Interlake didn’t waste any time in its hiring of a new football coach to replace the departed Jason Rimkus, who is now the head man at Redmond after four years with the Saints.
Athletic director Art Kuehn announced David Myers, most recently at Garfield, will be the new coach in 2013 and he hopes for many years beyond.
“I think he will do a great job,” Kuehn said. “I’m just excited to have him here.”
Myers was pushed into the head coaching role for the Bulldogs during the 2011 season after then-head coach Kelvin Goliday was suspended after pulling his team off the field during the season-opening game against Lake Washington. Goliday was in his first year and eventually had his position terminated, leaving Myers to lead the program, which he did for the past two seasons.
“Anyone who is pushed into that situation and handled it the way he did, it said a lot about his character and his ability to deal with people,” Kuehn said. “He fits right in with the Interlake population and will really embrace it.”
It wasn’t the first time Myers faced a unique staffing situation.

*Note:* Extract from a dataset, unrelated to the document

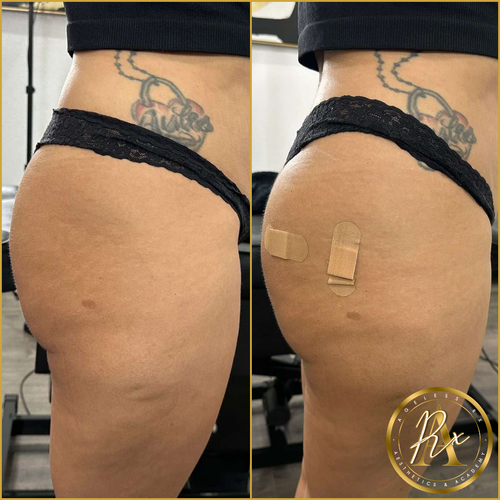Booty Enhancement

A local product, Myers played quarterback for Roosevelt as a prep before spending time at Menlo College in California playing basketball and football. A transfer took him to the University of Puget Sound in Tacoma, a Division III school where he did not play but instead began a coaching career with an inauspicious beginning.
The staff Myers joined at Lincoln High School was set for the fall, with him as a coach on the freshmen team staff, when a sudden resignation left only he and one other coach for the fast-approaching fall.
“Me and the other guy were sitting in a room,” Myers recalled. “He goes, ‘Well, I guess you have the offense and I have the defense.”
The staff was eventually solidified, with Myers playing a prominent role as the offensive coordinator, and the Abes made the playoffs that year and the next. Myers, a special education teacher, also spent time at Foster before landing at Garfield and now, as the next head coach for an Interlake program hoping to revitalize itself after moving back to Class 3A last year.
With a knowledge of the conference that spans back to his own playing days, Myers was anything but uncertain of the most important factor in building a KingCo title contender.
“Weight room is always number one in this league,” he said. “You have a lot of teams where this is a full-time deal for them. If you don’t lift weights, it is really easy to get physically outmatched.”
Interlake is also the only high school on the Greater Eastside that shares a youth feeder program, the Bellevue Bears, some of which will become Sammamish Totems by natural district boundaries and Myers said he hopes to build some connections to that group as well.
The new and former Interlake coaches will get a first-hand look at one another when the Saints meet Redmond and coach Jason Rimkus in a non-conference game early in the year, and Myers knows what he wants the on-field product to look like when the fall rolls around.
“I want them to know they can compete with anybody,” he said. “If we do things in the offseason, results start taking care of themselves.”